_To do_
The output should contain the listing word for word and no pictures.

_Available data_
== Segment start ==
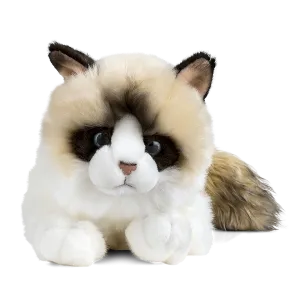Ragdoll Cat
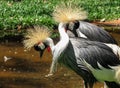 Grey Crowned Crane Balearica Regulorum Couple Courtship Royalty Free Stock Photo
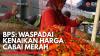 BPS: Waspadai Kenaikan Harga Cabai Merah,(Sumber: IDX CHANNEL)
== Segment end ==
_Written response_
Ragdoll Cat
 Grey Crowned Crane Balearica Regulorum Couple Courtship Royalty Free Stock Photo
 BPS: Waspadai Kenaikan Harga Cabai Merah,(Sumber: IDX CHANNEL)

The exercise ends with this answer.